[Work task] Lines from the one containing "L'Oréal Elvive Shampoo" through the last line of the data are to be returned exactly, both ends included, minus any pictures.

---------- Records provided ----------

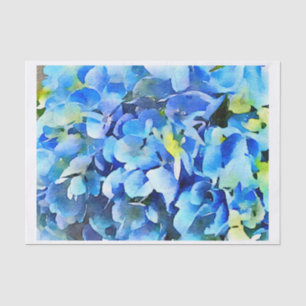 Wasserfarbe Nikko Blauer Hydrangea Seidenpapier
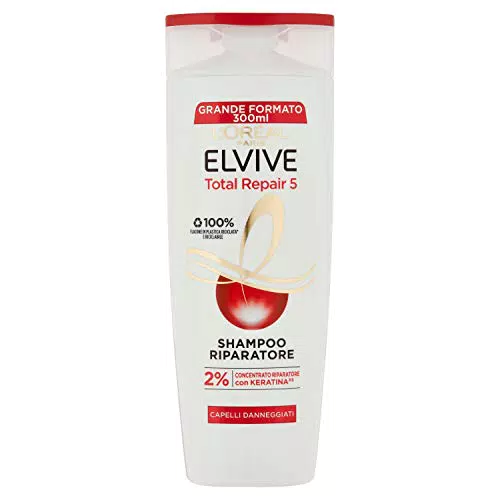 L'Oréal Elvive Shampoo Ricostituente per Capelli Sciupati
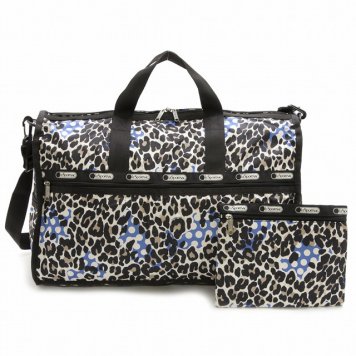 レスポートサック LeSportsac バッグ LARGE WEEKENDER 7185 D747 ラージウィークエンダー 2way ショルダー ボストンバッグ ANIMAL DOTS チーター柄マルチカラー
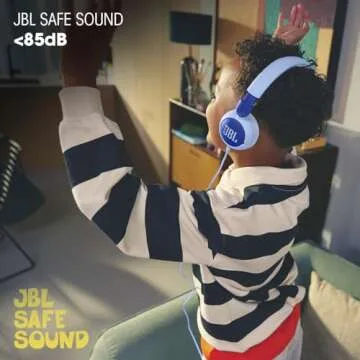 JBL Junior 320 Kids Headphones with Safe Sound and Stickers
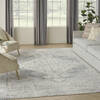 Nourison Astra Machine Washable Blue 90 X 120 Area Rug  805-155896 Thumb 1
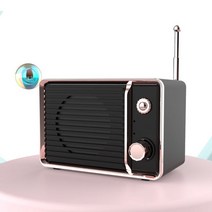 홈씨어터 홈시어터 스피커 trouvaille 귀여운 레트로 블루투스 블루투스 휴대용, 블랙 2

----------

[Solution to this exercise]
 L'Oréal Elvive Shampoo Ricostituente per Capelli Sciupati
 レスポートサック LeSportsac バッグ LARGE WEEKENDER 7185 D747 ラージウィークエンダー 2way ショルダー ボストンバッグ ANIMAL DOTS チーター柄マルチカラー
 JBL Junior 320 Kids Headphones with Safe Sound and Stickers
 Nourison Astra Machine Washable Blue 90 X 120 Area Rug  805-155896 Thumb 1
 홈씨어터 홈시어터 스피커 trouvaille 귀여운 레트로 블루투스 블루투스 휴대용, 블랙 2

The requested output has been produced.